A especialista em finanças pessoais informa ainda que não é preciso pegar um empréstimo no primeiro local procurado, para ela é necessário uma melhor análise da situação financeira e procurar outras alternativas. “Hoje podemos entrar na internet procurando por crédito e temos um mundo completamente diferente. Da mesma forma que podemos pedir um carro por aplicativo, nós temos novas alternativas no mercado financeiro”, exemplifica Myrian. “Os bancos só vão mudar quando as pessoas começarem a dizer não para as taxas de crédito. É simples, ou eles atentem ou os clientes vão embora. Nós não podemos esperar que o governo tome todas as atitudes quanto a isso”, completa."Quando estamos falando da aposentadoria ou imóveis, o seu dinheiro precisa render acima da inflação. Nós nunca aprendemos isso, então é um novo paradigma para todo cidadão brasileiro que lida com investimento"

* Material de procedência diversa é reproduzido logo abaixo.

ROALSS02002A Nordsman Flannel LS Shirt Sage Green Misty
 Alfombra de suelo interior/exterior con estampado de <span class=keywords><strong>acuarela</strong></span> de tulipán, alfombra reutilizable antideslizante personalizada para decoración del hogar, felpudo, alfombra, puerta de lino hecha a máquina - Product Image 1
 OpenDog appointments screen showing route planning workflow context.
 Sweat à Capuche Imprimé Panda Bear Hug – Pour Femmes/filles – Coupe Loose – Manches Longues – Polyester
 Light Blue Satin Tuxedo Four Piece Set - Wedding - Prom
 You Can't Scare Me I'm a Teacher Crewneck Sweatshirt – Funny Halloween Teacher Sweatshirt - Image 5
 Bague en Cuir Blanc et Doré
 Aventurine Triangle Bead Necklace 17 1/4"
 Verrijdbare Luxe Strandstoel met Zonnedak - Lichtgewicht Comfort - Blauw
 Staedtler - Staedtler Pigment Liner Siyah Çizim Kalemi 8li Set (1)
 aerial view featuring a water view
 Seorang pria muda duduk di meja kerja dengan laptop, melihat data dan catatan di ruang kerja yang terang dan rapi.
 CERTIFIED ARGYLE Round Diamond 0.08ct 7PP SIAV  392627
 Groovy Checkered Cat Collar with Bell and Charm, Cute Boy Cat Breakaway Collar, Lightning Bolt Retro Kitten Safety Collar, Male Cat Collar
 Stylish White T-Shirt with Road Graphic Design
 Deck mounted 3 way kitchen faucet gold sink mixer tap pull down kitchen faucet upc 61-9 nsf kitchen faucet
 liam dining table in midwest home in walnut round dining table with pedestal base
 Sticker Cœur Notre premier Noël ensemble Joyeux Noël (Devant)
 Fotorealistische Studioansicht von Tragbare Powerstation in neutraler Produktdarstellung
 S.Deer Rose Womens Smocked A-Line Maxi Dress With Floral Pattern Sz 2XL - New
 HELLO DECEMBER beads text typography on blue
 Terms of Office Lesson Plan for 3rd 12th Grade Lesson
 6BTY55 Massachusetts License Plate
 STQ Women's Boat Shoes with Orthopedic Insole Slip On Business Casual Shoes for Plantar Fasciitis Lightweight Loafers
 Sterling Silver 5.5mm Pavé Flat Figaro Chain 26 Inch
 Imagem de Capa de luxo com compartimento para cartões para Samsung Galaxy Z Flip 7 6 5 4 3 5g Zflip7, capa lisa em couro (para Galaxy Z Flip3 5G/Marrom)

Myrian Lund, professora de finanças da FGV
Luciana Ikedo, assessora de investimentos, também acredita que as taxas de crédito devem cair. “Depende diretamente dessa taxa de juros baixa na economia. Mesmo que o ciclo de cortes tenha chegado ao fim a gente entende que nesse momento os juros vão continuar baixos e para crédito isso é extremamente positivo.”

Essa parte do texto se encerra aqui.